→ **Problem statement**
Once you have located the line containing "Load image into Gallery viewer, Camouflaged" in the material below, return it exactly along with each line after it through the line containing "多维度的接管，从富安健洋的F1首秀到委内瑞拉的地缘博弈".
-------- Material for the task --------
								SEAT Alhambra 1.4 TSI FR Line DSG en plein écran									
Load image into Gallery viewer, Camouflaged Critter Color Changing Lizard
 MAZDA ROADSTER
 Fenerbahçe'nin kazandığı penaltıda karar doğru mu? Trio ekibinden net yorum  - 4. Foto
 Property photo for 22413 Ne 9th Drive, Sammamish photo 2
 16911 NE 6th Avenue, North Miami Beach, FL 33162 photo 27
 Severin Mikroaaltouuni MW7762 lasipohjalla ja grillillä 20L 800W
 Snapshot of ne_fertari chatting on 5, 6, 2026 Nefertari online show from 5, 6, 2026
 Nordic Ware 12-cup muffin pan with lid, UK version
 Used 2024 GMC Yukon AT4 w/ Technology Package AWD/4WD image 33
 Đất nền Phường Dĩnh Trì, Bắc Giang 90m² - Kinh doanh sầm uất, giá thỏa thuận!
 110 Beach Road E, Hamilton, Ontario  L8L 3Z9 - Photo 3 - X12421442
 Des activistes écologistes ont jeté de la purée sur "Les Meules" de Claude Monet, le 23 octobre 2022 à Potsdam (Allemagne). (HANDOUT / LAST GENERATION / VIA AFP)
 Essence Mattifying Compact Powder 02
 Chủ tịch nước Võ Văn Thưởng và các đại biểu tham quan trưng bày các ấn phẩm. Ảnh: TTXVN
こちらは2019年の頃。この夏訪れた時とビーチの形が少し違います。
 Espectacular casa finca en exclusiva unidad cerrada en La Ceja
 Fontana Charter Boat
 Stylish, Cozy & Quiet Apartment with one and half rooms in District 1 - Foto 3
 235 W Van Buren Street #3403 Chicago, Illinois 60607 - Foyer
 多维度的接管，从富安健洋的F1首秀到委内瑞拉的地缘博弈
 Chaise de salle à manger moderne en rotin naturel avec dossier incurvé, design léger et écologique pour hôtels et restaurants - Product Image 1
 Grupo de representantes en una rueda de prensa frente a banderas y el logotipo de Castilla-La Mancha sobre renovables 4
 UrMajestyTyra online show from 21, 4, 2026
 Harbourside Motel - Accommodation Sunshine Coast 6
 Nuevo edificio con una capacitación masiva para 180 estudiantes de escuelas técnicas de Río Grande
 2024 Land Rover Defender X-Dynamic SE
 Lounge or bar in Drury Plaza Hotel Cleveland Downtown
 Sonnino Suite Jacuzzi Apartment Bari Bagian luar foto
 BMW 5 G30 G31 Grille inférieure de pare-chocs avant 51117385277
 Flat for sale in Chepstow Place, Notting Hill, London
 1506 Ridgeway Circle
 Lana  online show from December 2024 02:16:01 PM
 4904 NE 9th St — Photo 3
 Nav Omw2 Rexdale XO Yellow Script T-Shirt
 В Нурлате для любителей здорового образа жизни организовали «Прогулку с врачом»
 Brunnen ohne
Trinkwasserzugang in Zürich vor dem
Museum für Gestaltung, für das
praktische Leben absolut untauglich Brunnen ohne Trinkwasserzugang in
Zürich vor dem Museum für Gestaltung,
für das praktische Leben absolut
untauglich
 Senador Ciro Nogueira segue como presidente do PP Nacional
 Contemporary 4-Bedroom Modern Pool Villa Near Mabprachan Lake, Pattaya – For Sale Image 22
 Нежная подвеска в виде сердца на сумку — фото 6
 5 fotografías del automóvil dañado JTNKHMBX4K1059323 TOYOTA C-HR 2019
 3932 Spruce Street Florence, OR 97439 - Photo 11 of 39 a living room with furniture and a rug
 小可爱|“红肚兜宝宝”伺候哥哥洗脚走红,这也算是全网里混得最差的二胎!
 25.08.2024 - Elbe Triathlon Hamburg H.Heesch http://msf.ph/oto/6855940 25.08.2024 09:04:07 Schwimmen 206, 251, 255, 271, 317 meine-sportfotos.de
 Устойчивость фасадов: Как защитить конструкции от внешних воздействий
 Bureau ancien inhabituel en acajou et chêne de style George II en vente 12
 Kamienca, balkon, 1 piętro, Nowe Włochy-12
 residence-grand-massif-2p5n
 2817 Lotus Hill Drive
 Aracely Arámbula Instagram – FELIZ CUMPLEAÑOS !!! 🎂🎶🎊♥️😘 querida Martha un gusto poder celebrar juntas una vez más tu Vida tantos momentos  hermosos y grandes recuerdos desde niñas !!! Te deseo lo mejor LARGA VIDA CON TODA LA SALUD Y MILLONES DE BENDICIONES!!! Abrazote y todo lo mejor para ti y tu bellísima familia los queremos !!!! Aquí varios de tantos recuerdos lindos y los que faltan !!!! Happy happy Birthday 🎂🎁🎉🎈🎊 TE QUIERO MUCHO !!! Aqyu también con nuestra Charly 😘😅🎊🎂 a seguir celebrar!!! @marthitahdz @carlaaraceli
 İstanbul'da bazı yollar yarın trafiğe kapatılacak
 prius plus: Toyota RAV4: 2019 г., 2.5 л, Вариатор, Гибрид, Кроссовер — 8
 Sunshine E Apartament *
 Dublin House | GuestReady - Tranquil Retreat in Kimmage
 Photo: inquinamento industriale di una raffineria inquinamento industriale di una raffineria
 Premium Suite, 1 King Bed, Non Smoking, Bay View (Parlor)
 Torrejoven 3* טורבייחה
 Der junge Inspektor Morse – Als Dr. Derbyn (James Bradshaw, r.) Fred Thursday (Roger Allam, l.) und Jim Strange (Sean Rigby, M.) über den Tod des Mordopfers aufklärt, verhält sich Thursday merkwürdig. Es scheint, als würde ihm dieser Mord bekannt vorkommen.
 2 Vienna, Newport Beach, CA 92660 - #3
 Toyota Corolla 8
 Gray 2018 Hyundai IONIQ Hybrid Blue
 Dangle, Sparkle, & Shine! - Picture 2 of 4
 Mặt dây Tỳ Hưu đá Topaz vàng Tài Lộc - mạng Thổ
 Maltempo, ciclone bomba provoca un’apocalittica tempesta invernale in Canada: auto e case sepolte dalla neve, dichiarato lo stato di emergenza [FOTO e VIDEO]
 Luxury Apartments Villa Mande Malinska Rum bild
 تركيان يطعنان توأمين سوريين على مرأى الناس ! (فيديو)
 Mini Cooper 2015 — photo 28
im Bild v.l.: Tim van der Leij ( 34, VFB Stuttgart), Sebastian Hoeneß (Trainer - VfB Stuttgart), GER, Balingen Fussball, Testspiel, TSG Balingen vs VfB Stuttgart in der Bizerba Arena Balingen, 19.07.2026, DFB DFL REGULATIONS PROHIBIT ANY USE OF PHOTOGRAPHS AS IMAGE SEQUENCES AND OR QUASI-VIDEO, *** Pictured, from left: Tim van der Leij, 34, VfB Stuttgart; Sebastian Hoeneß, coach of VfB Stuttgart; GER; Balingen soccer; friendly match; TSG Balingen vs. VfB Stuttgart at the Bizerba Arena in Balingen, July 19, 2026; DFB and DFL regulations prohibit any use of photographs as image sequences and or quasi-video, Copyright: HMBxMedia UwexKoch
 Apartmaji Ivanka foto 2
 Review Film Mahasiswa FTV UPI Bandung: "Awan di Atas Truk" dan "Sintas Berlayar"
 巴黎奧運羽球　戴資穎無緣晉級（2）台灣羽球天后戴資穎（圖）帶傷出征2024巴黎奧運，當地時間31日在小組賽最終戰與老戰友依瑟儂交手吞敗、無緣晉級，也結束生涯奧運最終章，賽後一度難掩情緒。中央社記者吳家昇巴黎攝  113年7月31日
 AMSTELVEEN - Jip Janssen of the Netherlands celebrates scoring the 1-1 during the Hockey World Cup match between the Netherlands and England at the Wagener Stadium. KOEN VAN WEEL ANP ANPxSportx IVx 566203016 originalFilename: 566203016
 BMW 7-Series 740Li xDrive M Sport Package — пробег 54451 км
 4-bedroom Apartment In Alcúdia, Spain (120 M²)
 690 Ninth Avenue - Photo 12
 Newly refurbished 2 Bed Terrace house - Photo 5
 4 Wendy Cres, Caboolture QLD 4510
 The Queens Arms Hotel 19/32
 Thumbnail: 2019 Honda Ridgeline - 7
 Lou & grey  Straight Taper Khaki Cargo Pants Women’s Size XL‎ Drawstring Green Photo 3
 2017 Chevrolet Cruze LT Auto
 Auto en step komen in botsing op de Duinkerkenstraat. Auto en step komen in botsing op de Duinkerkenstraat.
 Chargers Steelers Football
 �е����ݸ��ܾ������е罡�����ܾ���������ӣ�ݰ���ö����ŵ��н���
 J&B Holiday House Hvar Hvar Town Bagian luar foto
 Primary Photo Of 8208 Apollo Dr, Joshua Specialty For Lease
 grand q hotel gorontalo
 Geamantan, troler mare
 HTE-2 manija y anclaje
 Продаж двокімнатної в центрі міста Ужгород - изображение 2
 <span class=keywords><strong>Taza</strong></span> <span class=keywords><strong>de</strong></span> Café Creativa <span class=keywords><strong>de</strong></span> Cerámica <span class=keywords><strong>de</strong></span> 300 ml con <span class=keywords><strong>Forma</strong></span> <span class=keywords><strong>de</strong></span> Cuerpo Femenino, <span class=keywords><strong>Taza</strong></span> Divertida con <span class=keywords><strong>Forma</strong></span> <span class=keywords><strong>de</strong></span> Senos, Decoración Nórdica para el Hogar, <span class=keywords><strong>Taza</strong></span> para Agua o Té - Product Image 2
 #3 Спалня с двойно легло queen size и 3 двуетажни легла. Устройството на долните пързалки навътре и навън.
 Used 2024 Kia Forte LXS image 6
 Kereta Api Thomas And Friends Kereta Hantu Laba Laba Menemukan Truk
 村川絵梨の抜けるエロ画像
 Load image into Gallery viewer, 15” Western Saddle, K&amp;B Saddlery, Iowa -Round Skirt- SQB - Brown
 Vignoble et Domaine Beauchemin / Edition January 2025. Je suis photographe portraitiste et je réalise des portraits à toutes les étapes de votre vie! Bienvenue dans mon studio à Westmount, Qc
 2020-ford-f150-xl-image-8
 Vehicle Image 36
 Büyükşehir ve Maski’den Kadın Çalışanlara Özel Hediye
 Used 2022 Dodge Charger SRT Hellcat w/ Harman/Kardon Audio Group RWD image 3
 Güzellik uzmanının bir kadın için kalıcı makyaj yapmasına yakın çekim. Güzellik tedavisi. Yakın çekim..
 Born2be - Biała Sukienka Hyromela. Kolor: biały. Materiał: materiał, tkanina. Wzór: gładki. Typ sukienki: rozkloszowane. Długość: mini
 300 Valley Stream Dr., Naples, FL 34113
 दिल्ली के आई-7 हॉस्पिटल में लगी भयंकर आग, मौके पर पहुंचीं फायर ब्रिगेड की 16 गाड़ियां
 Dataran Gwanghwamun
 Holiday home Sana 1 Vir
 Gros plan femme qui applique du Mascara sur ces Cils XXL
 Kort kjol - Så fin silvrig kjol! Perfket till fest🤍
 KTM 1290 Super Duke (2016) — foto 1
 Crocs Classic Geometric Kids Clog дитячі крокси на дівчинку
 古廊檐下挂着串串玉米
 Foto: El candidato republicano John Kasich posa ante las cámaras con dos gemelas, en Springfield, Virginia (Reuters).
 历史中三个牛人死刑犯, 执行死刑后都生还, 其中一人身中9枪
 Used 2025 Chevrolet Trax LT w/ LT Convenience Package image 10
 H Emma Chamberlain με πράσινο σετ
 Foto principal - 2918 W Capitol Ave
--------
→ **The answer**
Load image into Gallery viewer, Camouflaged Critter Color Changing Lizard
 MAZDA ROADSTER
 Fenerbahçe'nin kazandığı penaltıda karar doğru mu? Trio ekibinden net yorum  - 4. Foto
 Property photo for 22413 Ne 9th Drive, Sammamish photo 2
 16911 NE 6th Avenue, North Miami Beach, FL 33162 photo 27
 Severin Mikroaaltouuni MW7762 lasipohjalla ja grillillä 20L 800W
 Snapshot of ne_fertari chatting on 5, 6, 2026 Nefertari online show from 5, 6, 2026
 Nordic Ware 12-cup muffin pan with lid, UK version
 Used 2024 GMC Yukon AT4 w/ Technology Package AWD/4WD image 33
 Đất nền Phường Dĩnh Trì, Bắc Giang 90m² - Kinh doanh sầm uất, giá thỏa thuận!
 110 Beach Road E, Hamilton, Ontario  L8L 3Z9 - Photo 3 - X12421442
 Des activistes écologistes ont jeté de la purée sur "Les Meules" de Claude Monet, le 23 octobre 2022 à Potsdam (Allemagne). (HANDOUT / LAST GENERATION / VIA AFP)
 Essence Mattifying Compact Powder 02
 Chủ tịch nước Võ Văn Thưởng và các đại biểu tham quan trưng bày các ấn phẩm. Ảnh: TTXVN
こちらは2019年の頃。この夏訪れた時とビーチの形が少し違います。
 Espectacular casa finca en exclusiva unidad cerrada en La Ceja
 Fontana Charter Boat
 Stylish, Cozy & Quiet Apartment with one and half rooms in District 1 - Foto 3
 235 W Van Buren Street #3403 Chicago, Illinois 60607 - Foyer
 多维度的接管，从富安健洋的F1首秀到委内瑞拉的地缘博弈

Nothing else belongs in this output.